If Narrow Stairs and its accompanying off-cuts EP The Open Door marked a triumph for stickability and being true to your principles, it also ensured that any follow up would be under the microscope from many perspectives. Fans who've been around since the band's formative noises on Something About Airplanes and We Have The Facts And We're Voting Yes will be relieved to hear that the trappings of quasi fame certainly haven't gone to Gibbard's head; Codes And Keys is mercifully free of contributions from a brass section, Kanye West or the Mormon Tabernacle Choir.

Death Cab For Cutie Codes And Keys Album

If anything, where Narrow Stairs had the epic brushstrokes of I Will Possess Your Heart to convey an unbridled sense of purpose, the tempo here is more downbeat, no more so than on the timid opener Home Is A Fire, Gibbard's ambiguous words - "Sleep with the lights on/Shuttered with the shades drawn/There's too many windows" - doing little to lift the chilly, detached musical gloom.

If this makes to signpost towards more esoteric territory, label execs will breathe a sigh of relief at the title track's more straightforward dynamic, a simply constructed, almost country reel which shares a distant relationship with the likes of fellow art-poppers The Arcade Fire. That seems perkier, whilst You Are A Tourist is positively bullish, complete with almost rocking out guitars set to wah-wah and a contentedly rumbling bassline, although comparisons to The Stone Roses are not so much wide of the mark as shooting at a completely different target.

This sheep in wolf's clothing trick is seemingly what's allowed the Washington four piece to invade people's consciousness en masse with the stealth of an advert jingle. St.Peter's Cathedral repeats the dose, morphing from dirge like beginnings to a gilded climax which is as compelling as its neat, whilst Doors Unlocked And Open is urgent and direct, songwriting traits that Gibbard has been accused of ignoring in the past. Here and there however what is no doubt good intention strays across the dividing line between polished craft and wearisome middle of the road, most obviously on the unremarkably frumpy Unobstructed Views, although admittedly it's still a minor wrinkle.

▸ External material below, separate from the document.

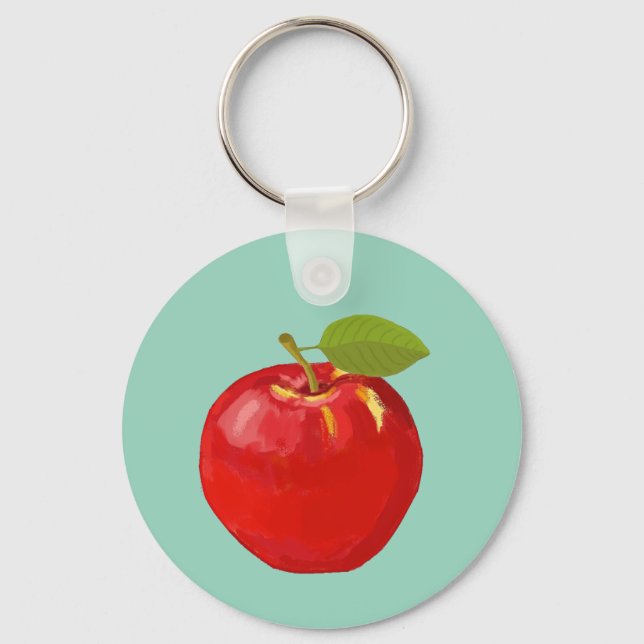 Chaveiro Apple (Frente)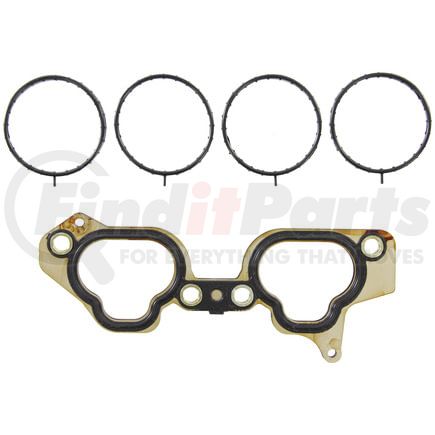 MS 96758 by FEL-PRO - Engine Intake Manifold Gasket Set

That the intervening three years between Narrow Stairs and Codes And Keys have been good ones for Ben Gibbard can't be in question, having married Zooey Deschanel and buried a serious alcohol problem. In fairness euphoric love songs were clearly never likely to result, but whilst Death Cab For Cutie remain always worth listening to, they continue to exist on the emotional periphery, aloof and a little too distant for anything more than passing admiration.